Use an IPC subsystem (either pipe, IPC, or shared memory -- I used mypipe) from the Project 1 to send a file to a multi-threaded receiver process. The sender obtains a file consisting of a sequence of numbered lines (i.e., num line_text), but the lines are out of order. The sender forwards them to a receiver process that must print them to a file in order.

The receiver program will consist of six receiver threads and one main thread that creates the receivers. Each receiver thread runs the same code (rcv_file). When a thread receives an input line, it will store the input line and determine whether it has the next to be sent to the output file.

The program works as follows: type cse473-p2 input-file output-file at the prompt. The input files will be provided. The output file will be a sorted version of the input file (i.e., you can see that the output has been sequenced properly).

The project will consist of the following tasks:

  1. Download the following tarball Project 2 Code to your CSE account file space. You should have one file p2.tgz. There is a Makefile, which makes cse473-p2. I used the mypipe library from Project 1, but you may use the Linux IPC code instead. You can also use pipes, but they will require some reworking as you want to read only one line at a time.

  2. The sender process will be the same as in Project 1, although the interface in the main function is slightly modified. Any receiver must do a non-blocking read. In project 1, mypipe did a blocking read, but this may cause I thread to block there forever. Let Manu or I know if you need IPC code (it will cost you though).

  3. The main function in the receiver will call two functions that create and manage threads for this project: thread_pool_init, which initializes the tpool_t data structure, and run_pool_threads, which creates the threads that run the function rcv_file. Initially, create one such thread, but ultimately six threads must be run.

  4. The receiver will consist of three major functions, rcv_file, read_entry, and write_entry. Each thread will run rcv_file. Then, rcv_file will call read_entry to read and store an input line and then, write_entry to write a line to the output file. The pseudocode for single-threaded versions of these functions is provided below.

  5. When converting to a multi-threaded version, the following synchronization requirements are demanded:

    1. No data shared between threads may be accessed without mutual exclusion. One of these values is next_entry, the index of the next line to be written to the file. All threads must maintain this value, and if a thread has the next_entry, it must write it to the output file.

    2. A thread is allowed to read at most one entry before giving another thread a chance.

    3. If a thread does not have the next_entry in its store after reading one entry, then enable all waiting threads to run and wait (if it still does not have the next_entry).

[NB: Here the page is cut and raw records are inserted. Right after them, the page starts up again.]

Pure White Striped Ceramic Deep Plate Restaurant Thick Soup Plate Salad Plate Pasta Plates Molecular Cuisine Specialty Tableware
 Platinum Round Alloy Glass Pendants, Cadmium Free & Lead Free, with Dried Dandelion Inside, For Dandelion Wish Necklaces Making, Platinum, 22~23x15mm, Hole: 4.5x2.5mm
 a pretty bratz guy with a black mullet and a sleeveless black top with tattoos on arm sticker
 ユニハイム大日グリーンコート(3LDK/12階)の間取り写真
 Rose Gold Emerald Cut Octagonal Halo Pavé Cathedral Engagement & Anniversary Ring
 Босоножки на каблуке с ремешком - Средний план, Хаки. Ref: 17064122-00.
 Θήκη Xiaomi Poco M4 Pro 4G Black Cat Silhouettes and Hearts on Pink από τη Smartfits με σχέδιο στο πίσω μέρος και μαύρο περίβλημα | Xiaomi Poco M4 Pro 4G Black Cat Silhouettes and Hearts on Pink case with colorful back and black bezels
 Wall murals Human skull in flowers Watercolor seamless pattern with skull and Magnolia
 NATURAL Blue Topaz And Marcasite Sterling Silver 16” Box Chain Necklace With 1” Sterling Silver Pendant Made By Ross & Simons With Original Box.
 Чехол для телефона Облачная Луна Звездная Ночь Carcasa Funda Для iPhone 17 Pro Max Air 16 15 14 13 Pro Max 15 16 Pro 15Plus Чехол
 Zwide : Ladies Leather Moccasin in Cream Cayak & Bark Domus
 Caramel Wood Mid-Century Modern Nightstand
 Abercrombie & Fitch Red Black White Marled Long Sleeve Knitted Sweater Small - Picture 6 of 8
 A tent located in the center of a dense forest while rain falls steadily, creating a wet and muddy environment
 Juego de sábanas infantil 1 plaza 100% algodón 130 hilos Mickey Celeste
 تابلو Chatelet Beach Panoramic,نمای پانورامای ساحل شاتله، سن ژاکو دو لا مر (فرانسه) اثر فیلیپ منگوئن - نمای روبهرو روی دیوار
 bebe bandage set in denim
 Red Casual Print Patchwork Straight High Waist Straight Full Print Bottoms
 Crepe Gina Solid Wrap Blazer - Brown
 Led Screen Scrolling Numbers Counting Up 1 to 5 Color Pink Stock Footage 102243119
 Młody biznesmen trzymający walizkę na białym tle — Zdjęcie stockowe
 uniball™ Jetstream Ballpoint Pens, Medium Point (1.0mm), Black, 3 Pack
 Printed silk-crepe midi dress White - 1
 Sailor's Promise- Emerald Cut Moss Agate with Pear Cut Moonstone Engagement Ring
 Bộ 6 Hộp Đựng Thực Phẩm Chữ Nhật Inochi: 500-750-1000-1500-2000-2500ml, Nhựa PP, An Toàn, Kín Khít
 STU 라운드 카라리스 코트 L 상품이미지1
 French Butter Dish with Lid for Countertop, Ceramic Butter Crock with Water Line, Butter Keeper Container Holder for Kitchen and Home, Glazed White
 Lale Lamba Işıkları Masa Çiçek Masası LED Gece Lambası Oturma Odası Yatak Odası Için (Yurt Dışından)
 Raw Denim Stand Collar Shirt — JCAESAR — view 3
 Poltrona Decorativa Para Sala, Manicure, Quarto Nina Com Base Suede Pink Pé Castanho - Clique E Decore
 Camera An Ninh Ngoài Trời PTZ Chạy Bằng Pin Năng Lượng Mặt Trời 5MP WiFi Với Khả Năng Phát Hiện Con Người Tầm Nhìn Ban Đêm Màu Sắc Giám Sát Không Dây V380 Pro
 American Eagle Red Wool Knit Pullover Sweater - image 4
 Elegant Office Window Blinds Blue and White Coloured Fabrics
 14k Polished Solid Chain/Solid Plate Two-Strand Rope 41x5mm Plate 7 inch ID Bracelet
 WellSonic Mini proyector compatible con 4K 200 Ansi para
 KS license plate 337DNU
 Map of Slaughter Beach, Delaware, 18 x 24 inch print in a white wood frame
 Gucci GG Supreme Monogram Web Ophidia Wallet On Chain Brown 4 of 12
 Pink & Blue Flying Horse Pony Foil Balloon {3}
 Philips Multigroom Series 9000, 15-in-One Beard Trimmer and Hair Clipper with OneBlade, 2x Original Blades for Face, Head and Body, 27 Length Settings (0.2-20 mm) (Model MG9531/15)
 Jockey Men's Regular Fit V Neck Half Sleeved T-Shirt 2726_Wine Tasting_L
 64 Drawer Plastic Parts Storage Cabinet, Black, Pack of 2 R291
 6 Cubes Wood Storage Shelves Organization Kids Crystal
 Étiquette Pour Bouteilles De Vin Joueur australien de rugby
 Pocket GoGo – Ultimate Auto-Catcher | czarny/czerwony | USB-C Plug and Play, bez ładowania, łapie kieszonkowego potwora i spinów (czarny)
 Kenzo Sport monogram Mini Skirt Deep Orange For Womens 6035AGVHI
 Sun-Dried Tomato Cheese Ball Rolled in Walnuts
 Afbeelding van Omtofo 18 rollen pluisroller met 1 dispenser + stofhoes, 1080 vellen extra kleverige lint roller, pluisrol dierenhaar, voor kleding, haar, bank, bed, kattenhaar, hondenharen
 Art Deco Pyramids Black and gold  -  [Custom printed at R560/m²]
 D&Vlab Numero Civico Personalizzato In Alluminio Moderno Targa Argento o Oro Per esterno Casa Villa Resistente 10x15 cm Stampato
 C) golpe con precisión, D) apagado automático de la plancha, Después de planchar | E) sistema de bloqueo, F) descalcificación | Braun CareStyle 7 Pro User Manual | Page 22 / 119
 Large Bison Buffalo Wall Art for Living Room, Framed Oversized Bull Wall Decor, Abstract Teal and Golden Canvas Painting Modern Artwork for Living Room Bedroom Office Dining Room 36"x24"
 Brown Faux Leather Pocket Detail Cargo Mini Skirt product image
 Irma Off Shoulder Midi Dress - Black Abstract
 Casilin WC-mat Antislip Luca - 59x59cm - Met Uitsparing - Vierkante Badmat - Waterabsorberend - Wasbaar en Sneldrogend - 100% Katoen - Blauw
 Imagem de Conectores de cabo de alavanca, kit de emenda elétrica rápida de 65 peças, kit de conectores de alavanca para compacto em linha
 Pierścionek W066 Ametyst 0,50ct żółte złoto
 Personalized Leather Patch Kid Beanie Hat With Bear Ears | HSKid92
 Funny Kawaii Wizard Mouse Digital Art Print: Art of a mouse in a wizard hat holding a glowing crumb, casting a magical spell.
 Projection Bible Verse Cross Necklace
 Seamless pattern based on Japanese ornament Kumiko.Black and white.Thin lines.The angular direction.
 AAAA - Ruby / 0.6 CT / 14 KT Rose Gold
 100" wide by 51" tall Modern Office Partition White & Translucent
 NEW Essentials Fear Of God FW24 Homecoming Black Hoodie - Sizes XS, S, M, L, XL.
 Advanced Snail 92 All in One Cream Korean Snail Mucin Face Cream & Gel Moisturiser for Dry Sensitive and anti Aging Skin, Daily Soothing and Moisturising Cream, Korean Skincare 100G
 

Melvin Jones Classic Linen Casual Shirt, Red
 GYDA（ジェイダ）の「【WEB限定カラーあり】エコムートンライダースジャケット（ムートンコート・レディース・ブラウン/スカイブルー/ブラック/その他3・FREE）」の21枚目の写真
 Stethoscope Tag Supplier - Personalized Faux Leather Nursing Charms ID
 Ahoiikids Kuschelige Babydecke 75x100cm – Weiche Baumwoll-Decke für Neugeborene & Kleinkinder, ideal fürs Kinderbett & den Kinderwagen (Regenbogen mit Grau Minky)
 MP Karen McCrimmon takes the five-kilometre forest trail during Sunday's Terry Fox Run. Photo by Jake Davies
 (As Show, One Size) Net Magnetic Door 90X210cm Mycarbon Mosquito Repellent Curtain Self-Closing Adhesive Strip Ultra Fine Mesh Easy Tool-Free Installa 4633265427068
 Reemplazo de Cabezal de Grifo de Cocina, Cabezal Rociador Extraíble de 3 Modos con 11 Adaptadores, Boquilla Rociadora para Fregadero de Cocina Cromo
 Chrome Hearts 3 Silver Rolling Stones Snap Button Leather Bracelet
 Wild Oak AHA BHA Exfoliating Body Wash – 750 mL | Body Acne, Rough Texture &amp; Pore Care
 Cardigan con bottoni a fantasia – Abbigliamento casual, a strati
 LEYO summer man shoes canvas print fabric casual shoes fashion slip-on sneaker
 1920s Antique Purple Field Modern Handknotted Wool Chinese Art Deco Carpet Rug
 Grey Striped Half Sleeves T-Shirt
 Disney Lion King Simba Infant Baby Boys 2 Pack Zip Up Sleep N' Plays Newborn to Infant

    4. If a thread does have next_entry in its store, it will write that entry and keep writing entries until it finds a next_entry it does not have. Then, it will wait.

    5. If a thread is about to wait, it must check whether it has the next_entry right before it waits. Otherwise, a thread could wait when it can really write.

    6. When a thread reads a line, the line is placed in a store. These stores are of limited size, so the you must ensure that a store does not overflow. If a store becomes full, then you must cause thread to wait until it has the next_entry line before it can proceed. I will make sure that the input file does not cause all stores to fill.

  6. There are also a few hints for doing the project.

    1. Get the project pseudocode to work with only one thread (besides the main thread). Get thread_pool_init and run_pool_threads working to initiate a single thread. This will involve implementing the pseudocode (below) and the pthreads functionality to initialize, join, and terminate a thread. An interim submission of this code is required by 2/24 (see calendar).

    2. With a single thread, you can put the mutual exclusion code in to protect the shared data structures (requirement #1 above). You must identify these shared data structures and add the appropriate pthreads code for mutual exclusion. The variables for mutual exclusion are provided in the data structure tpool_t in cse473-pthread.h.

    3. Then, try two threads at a time. In this case, you will need to use a condition variable for a thread to wait and be awoken. The condition variable is also defined in tpool_t. With this condition, you should be able to handle requirements #2 and #3 above. Use a small test file to avoid running into space problems with the store (requirement #4).

      For debugging, it is useful to use printfs for thread decision points, and to use GDB. GDB is thread-aware. This helps a lot, but you will need the printfs too.

      Also, it is helpful to use printfs to show us that your program is working (switching among threads). Use the following code to print when you read and write entries:

        printf("=== read_entry[0x%x]: after read: buf: %s; bytes: %d\n",
      	 (unsigned)pthread_self(), buf, bytes);
        
        printf("=== write_entry[0x%x]: gonna write: buf: %s; bytes: %d\n",
               (unsigned)pthread_self(), buf, bytes);
        

      Only use "===" for these lines, so we can find them.

    4. Ultimately, you will need to run the receiver with six threads. Gradually increase the number of threads and run on a small test case. The variable RECEIVER_THREADS determines the number of threads.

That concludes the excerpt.